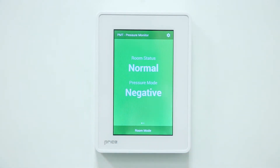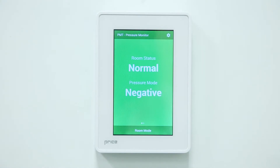When the PMT is green, the room mode is set to isolation and all set alarms are active. This is the typical room mode when the room is in use.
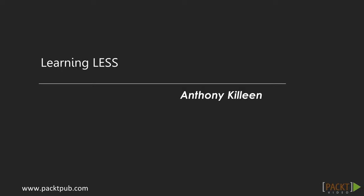Hello and welcome to Learning Less. I'm Anthony Killeen and I have been building websites since the late 90s.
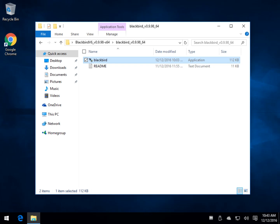Hey Geeks, Tim Tibbets with MajorGeeks.com. Today we're going to take a look at Blackbird, yet another privacy, anti-telemetry Windows 10 privacy tool, although it does work on other versions of Windows. Most people probably get here because of Windows 10.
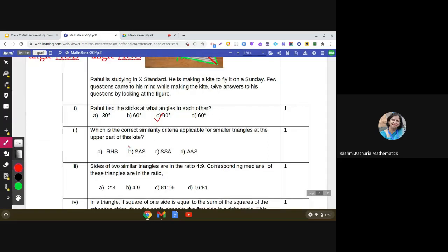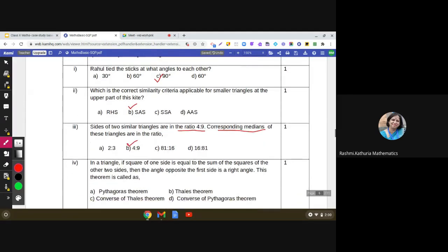The correct answer for the second part is Side-Angle-Side. Now the third question: sides of two similar triangles are in the ratio 4:9, so corresponding medians of these triangles are in the ratio. This is a direct result — when sides of two similar triangles are in a given ratio, the corresponding medians are also in the same ratio.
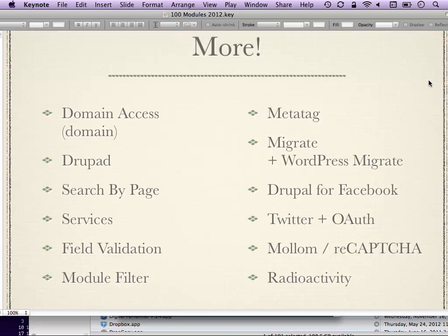Services module is a way to publish content from your Drupal site in formats other than HTML. The most popular use case is powering a mobile app using Drupal as your back end. People have also used it to power Flash sites with Drupal as the back end, pushing out content not as HTML but as XML, RSS, JSON, or other formats that can power another system. If you're looking to do something like that, Services module is the first place to look.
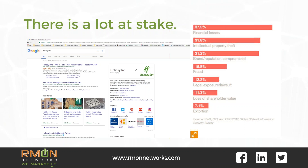Check out these Google results that came up when I searched Holiday Inn. Would you want to stay at a place where they do not protect your credit card information? The costs are adding up for Holiday Inn in more than just revenue streams.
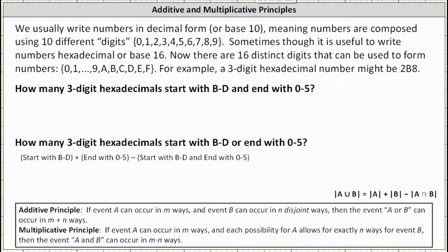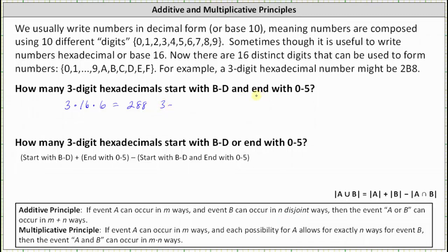Let's look at two more questions. How many three-digit hexadecimals start with b through d and end with 0 through 5? Using the multiplicative principle, we think of three events: picking the first digit, the second digit, and the third digit. There are 3 choices for the first digit (b, c, or d), times 16 choices for the second digit with no restrictions, times 6 choices for the third digit (0 through 5). 3 times 16 times 6 equals 288 possible three-digit hexadecimals.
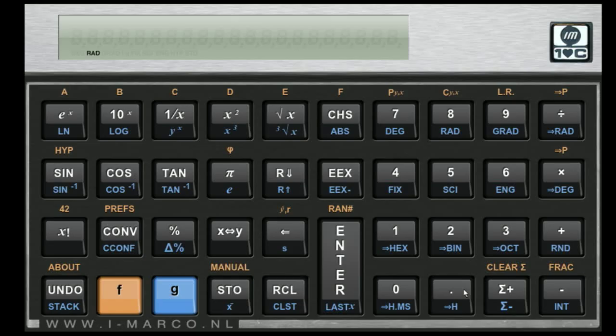As you can see, maybe the old people among us, old people like me, recognize this kind of layout. It's heavily inspired by the famous HP 10C, 11C, 12C and 15C range of calculators.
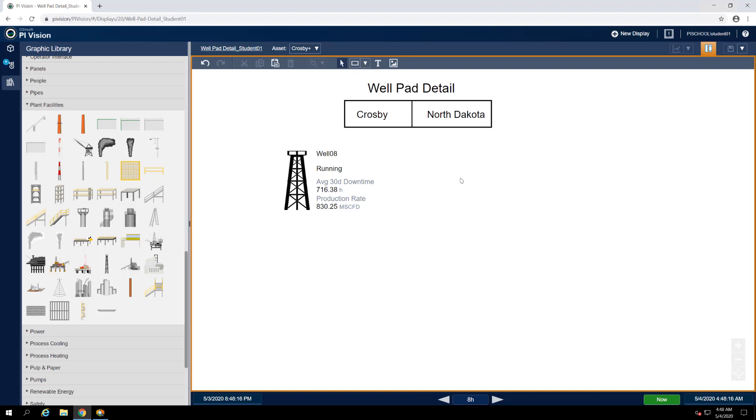And later down the line, should you introduce new assets or remove existing ones, the collection will automatically flex in response to those changes.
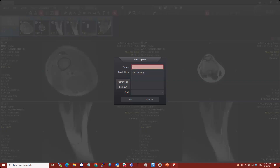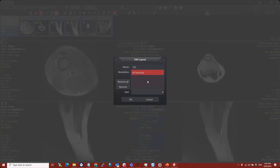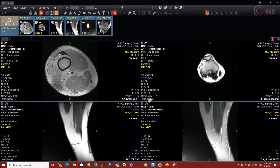I'm going to call this '2 by 2' and leave it set for all modalities, because this is a layout you may use for pretty much any modality. If you wanted to define it for a particular modality, you'd just pick your modality type here and save it with that modality — or multiple modalities. I'm going to save this generic hanging protocol. You can see it's been added to the dropdown.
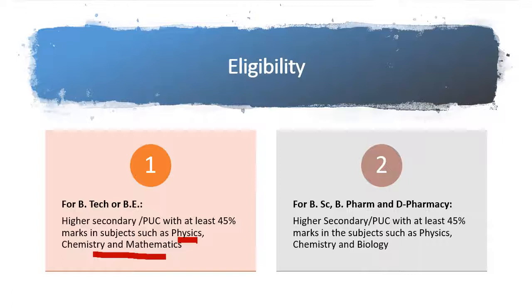While for pharma sciences courses, the compulsory subjects are physics, chemistry, and biology. Passing of all the 4 subjects that is PCMB will make you eligible for all the mentioned courses and thus will increase your options.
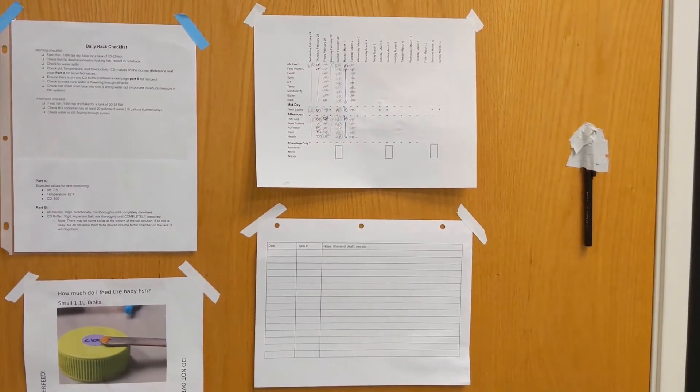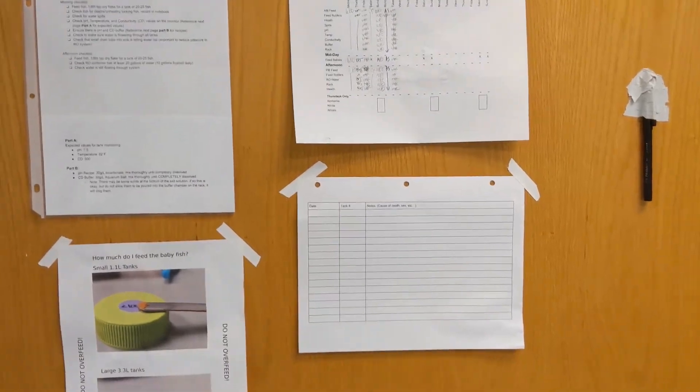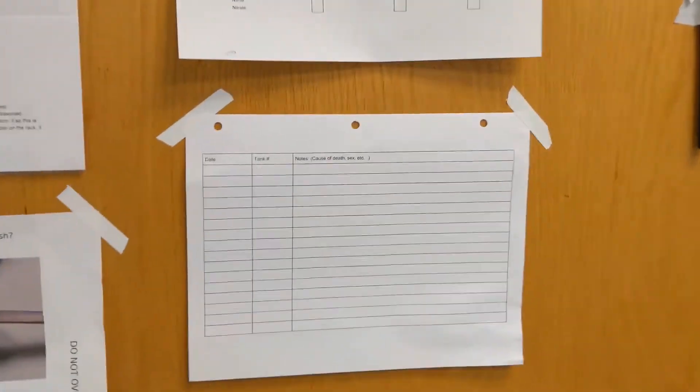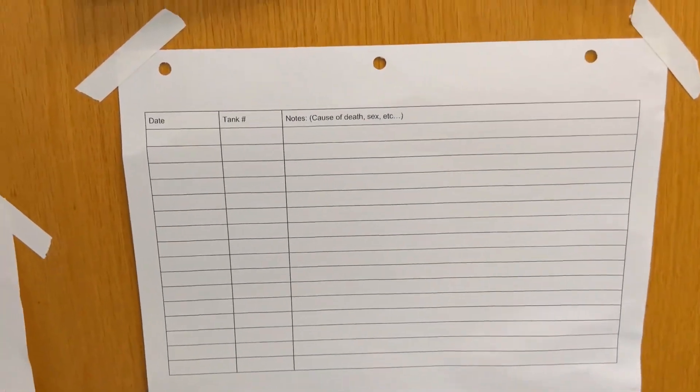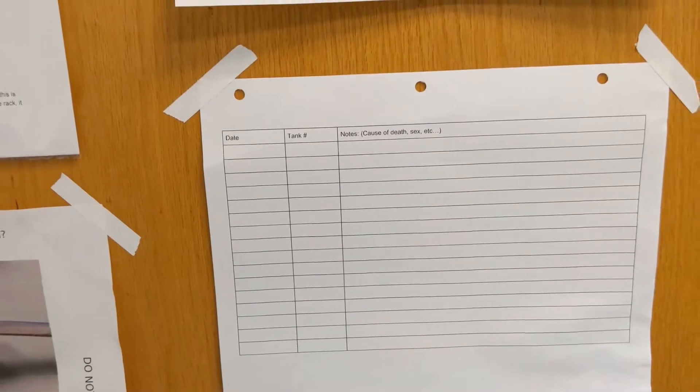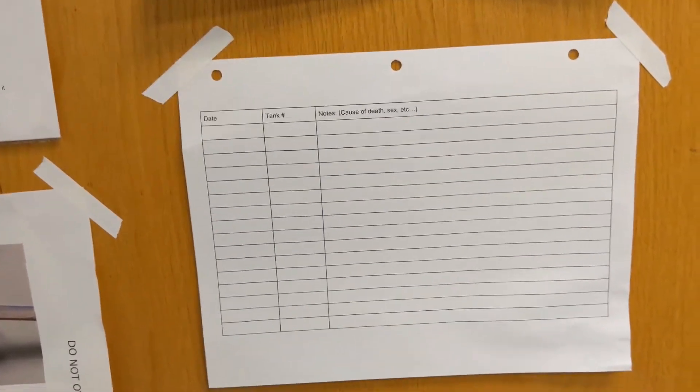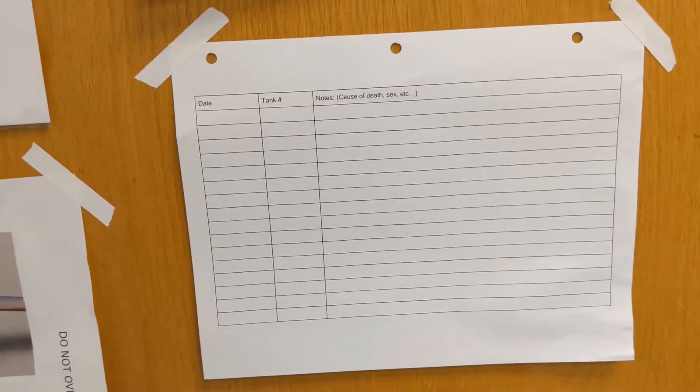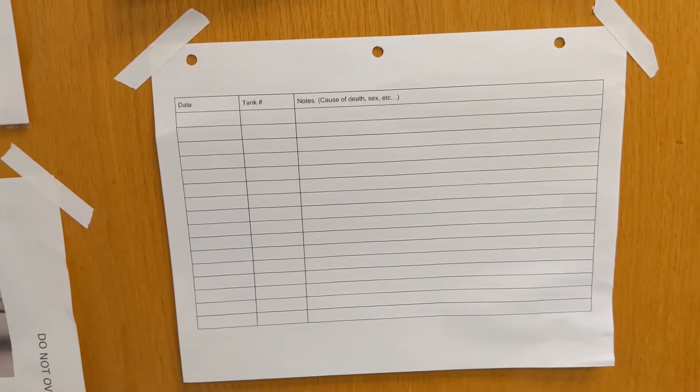Keeping track of fish health is a very important aspect of fish husbandry. Every day we take a look at all of the fish in every single tank to make sure that they don't have any illnesses or ailments.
◇ ◇ ◇
▶ [Assigned task]
Using the records above, print exactly the lines between the ones containing "The correct answer" and "Check out these", inclusive, and nothing else; no pictures.

▶ [Task solution]
The correct answer for the second part is Side-Angle-Side. Now the third question: sides of two similar triangles are in the ratio 4:9, so corresponding medians of these triangles are in the ratio. This is a direct result — when sides of two similar triangles are in a given ratio, the corresponding medians are also in the same ratio.
Services module is a way to publish content from your Drupal site in formats other than HTML. The most popular use case is powering a mobile app using Drupal as your back end. People have also used it to power Flash sites with Drupal as the back end, pushing out content not as HTML but as XML, RSS, JSON, or other formats that can power another system. If you're looking to do something like that, Services module is the first place to look.
Check out these Google results that came up when I searched Holiday Inn. Would you want to stay at a place where they do not protect your credit card information? The costs are adding up for Holiday Inn in more than just revenue streams.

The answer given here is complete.